The task far surpassed either of them. May went into the negotiations as a Remainer. She is implementing, she thinks, the vote of June 23, 2016.  Her objectives are mixed: keep the Tory party from shattering; limit the damage to the UK; keep on good terms with “Brussels”; get the nod from Merkel; keep all the EU  acquis(80,000 plus pages of regulation, directives, laws, edicts..);  remain as good as in the customs union minus some of its good bits.

Barnier’s mandate was to keep unity among the EU 27. To do that, the Commission has to lead. Its officials are appointed. It is used to negotiate. Law is its tool. It has to demonstrate that Brexit is a bad idea to discourage others. That means first talking withdrawal: ECJ supremacy for the duration; unlimited duration via the Irish backstop; citizen’s rights to endure for about 90 years; the bill, plus more in the pipeline; 585 pages of legal text, to hobble the UK in future trade negotiations; the Treaty as international legal commitment; the accompanying text as an expression of good faith.
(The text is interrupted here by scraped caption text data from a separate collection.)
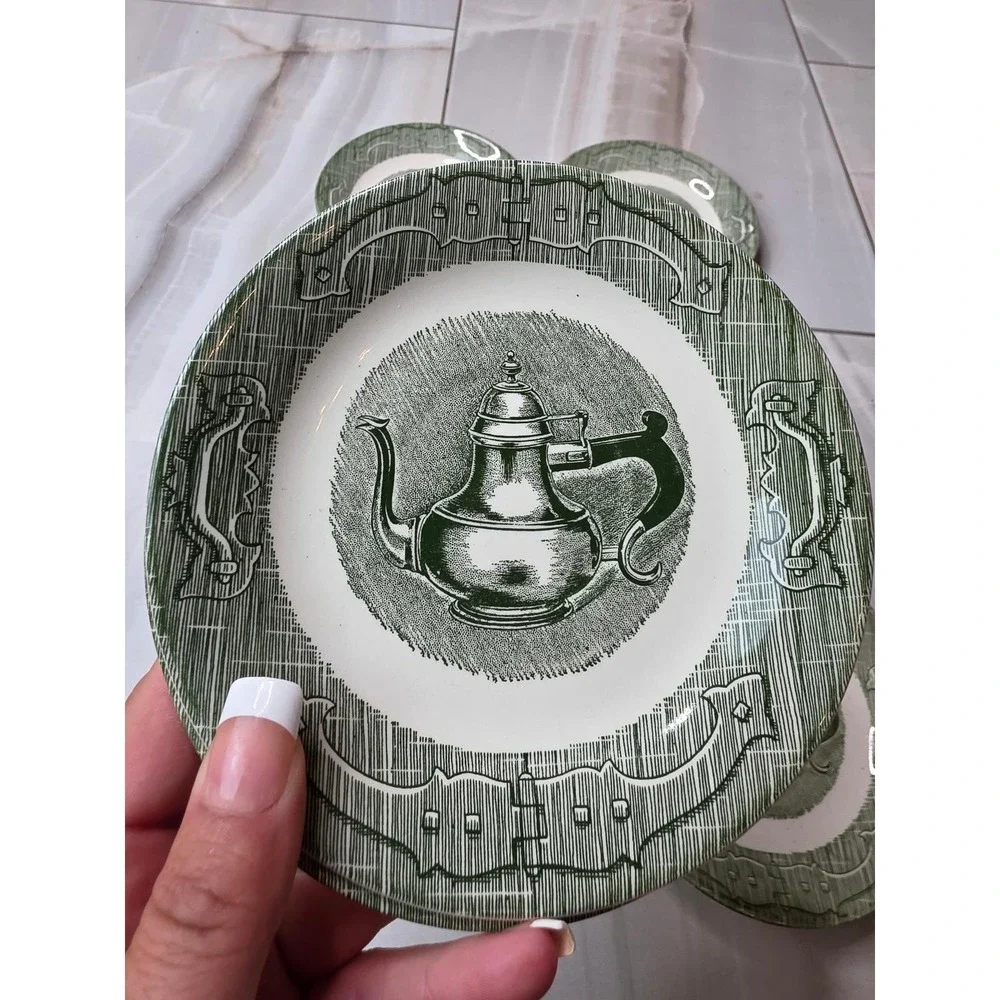Vintage Green Transferware Teapot Bread and Butter‎ Plates Set of 6 6.25 Inch A2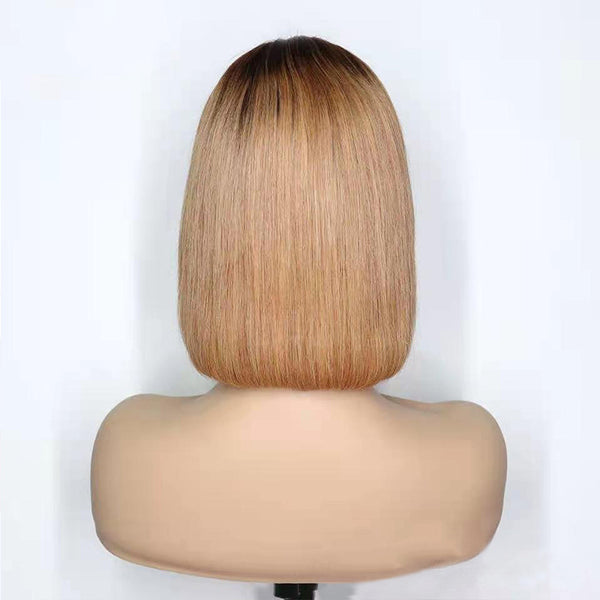 Peluca de Cabello Humano Real Largo Teñido Negro - Conjunto Completo para Mujer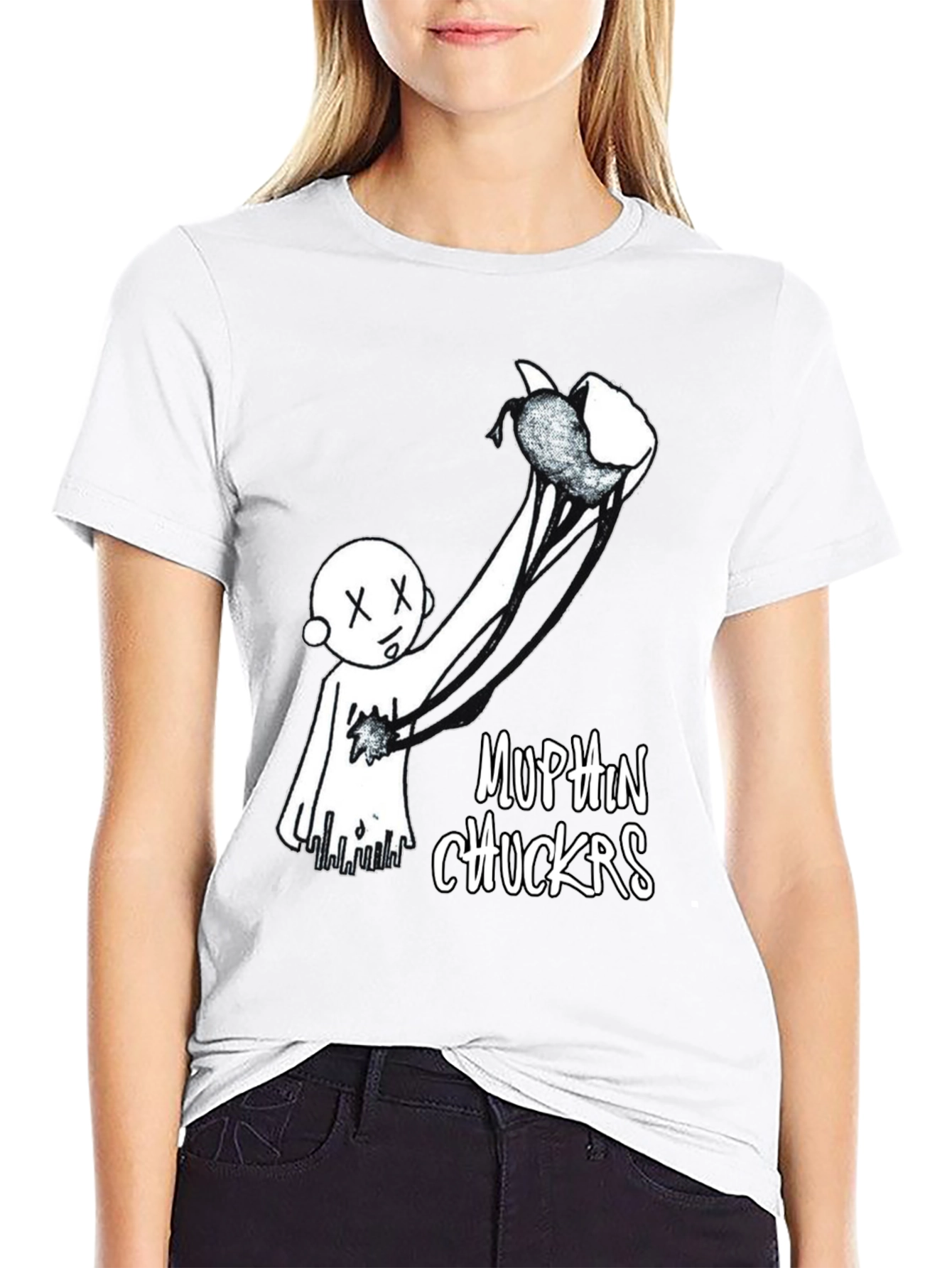 Black Muffin Chuckers Graphic Tee - Unique Design view 9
We have the UK where we want it, says Sabine Weyand, Barnier’s factotum.

Weyand did a year study at  Cambridge; went on to the College de Bruges; and wrote a PhD on EU transport policy. She acquired a lot of experience in trade negotiations, before her job over Brexit. Her counterpart is Olly Robbins, a keen EU federalist, civil service high flyer; appointed by May to negotiate directly with Weyand, sidelining Brexiteer ministers fobbed off with Potemkin village jobs.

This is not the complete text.